One Hot Encoding of large dataset

1.1k Views Asked by At

I want to build recommendation system using association rules with implemented in mlxtend library apriori algorithm. In my sales data there is information about 36 millions of transactions and 50k unique products. I tried to use sklearn OneHotEncoder and pandas get_dummies() but both are giving OOM error as they are not able to create frame in shape of (36 mil, 50k)

MemoryError: Unable to allocate 398. GiB for an array with shape (36113798, 50087) and data type uint8

Is there any other solution?

2

There are 2 best solutions below

0
On

I think a good solution would be to use embeddings instead of one-hot encoding for your problem.

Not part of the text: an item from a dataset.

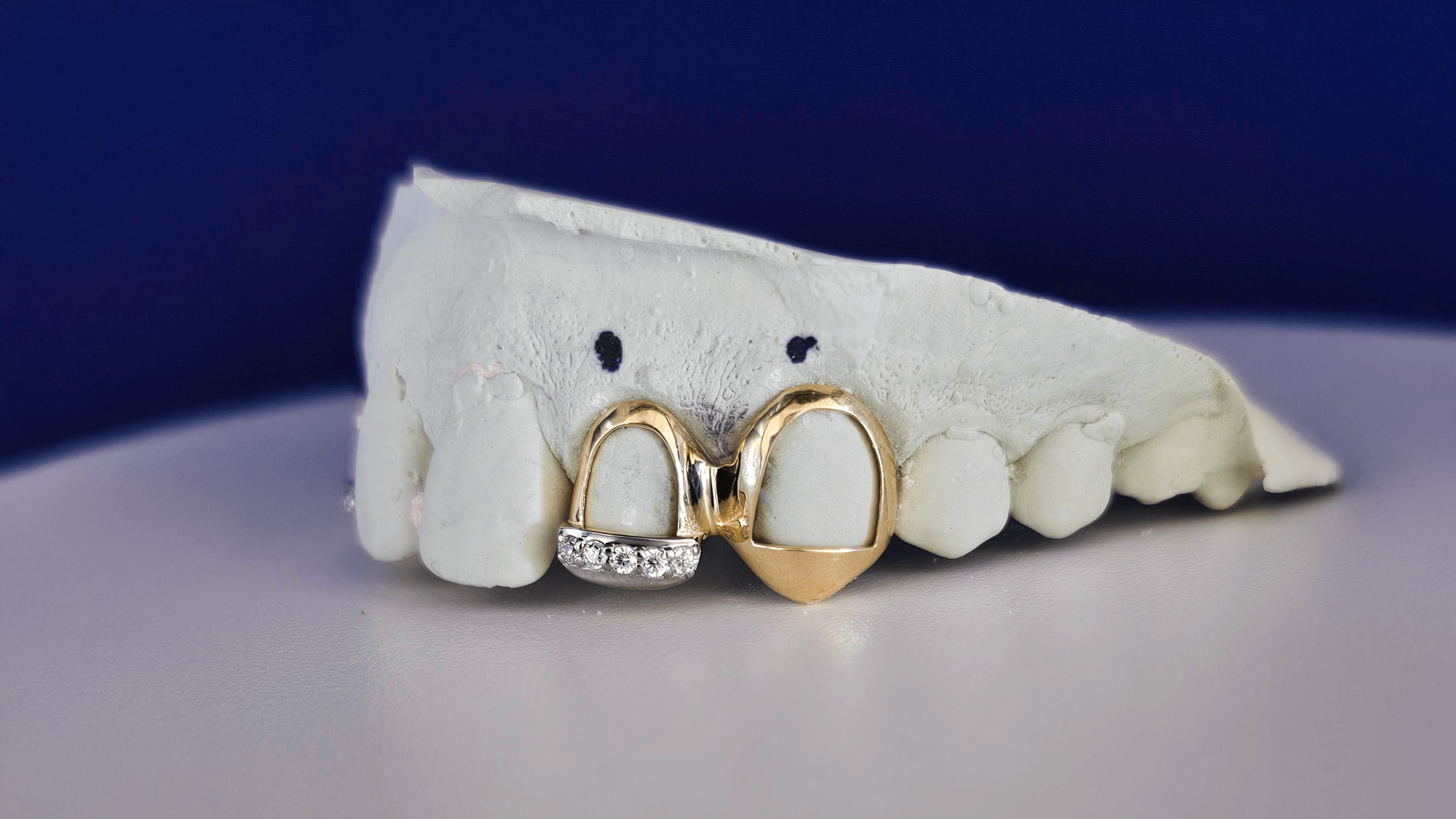 Royal Glow Open-Face Grillz | Si Diamond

In addition, I recommend that you split your dataset into smaller subsets to further avoid the memory consumption problems.

You should also consult this thread : https://datascience.stackexchange.com/questions/29851/one-hot-encoding-vs-word-embeding-when-to-choose-one-or-another

0
On

Like you, I too had out of memory error with mlxtend at first, but the following small changes fixed the problem completely.
`

from mlxtend.preprocessing import TransactionEncoder   

import pandas as pd

te = TransactionEncoder() 

#te_ary = te.fit(itemSetList).transform(itemSetList)

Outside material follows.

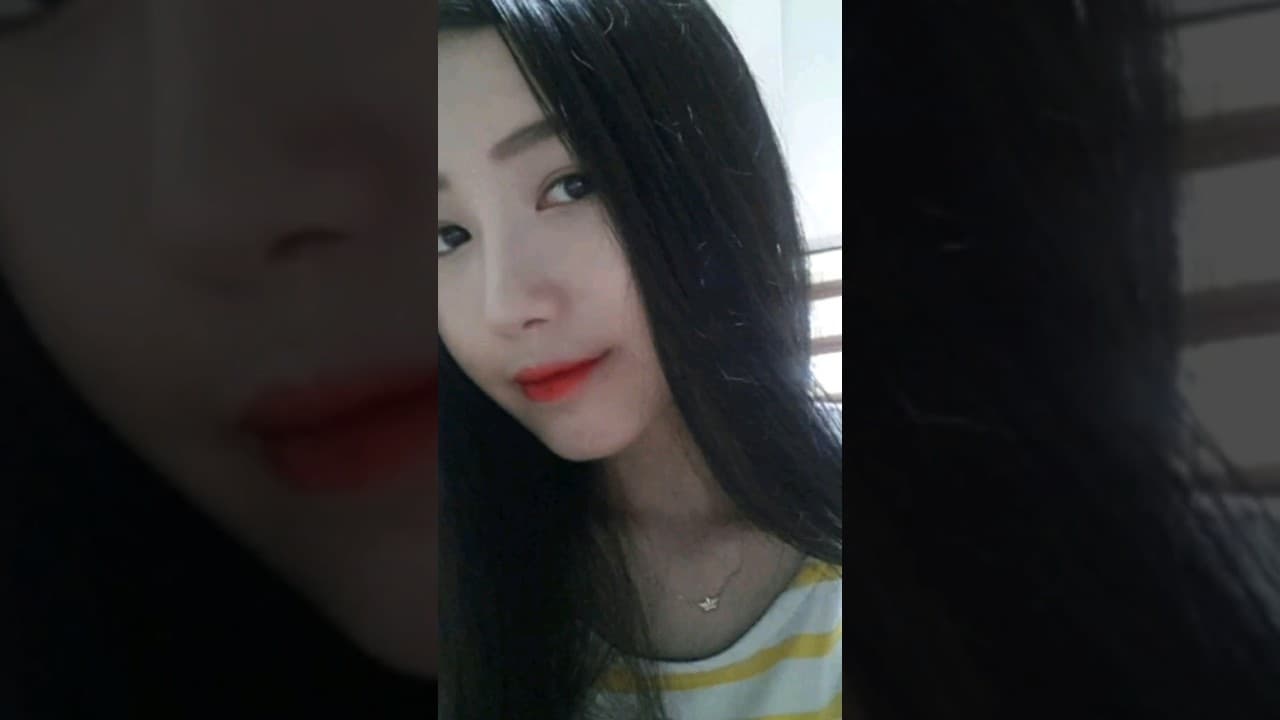 코원성형외과 | 코수술 코성형 전 후 (Kowon Plastic Surgery Before and After Nose Surgery)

#df = pd.DataFrame(te_ary, columns=te.columns_)

fitted = te.fit(itemSetList)

te_ary = fitted.transform(itemSetList, sparse=True) # seemed to work good

df = pd.DataFrame.sparse.from_spmatrix(te_ary, columns=te.columns_) # seemed to work good

# now you can call mlxtend's fpgrowth() followed by association_rules()   

`

You should also use fpgrowth instead of apriori on the big transaction datasets because apriori is too primitive. fpgrowth is more intelligent and modern than apriori but gives equivalent results. The mlxtend lib supports both apriori and fpgrowth.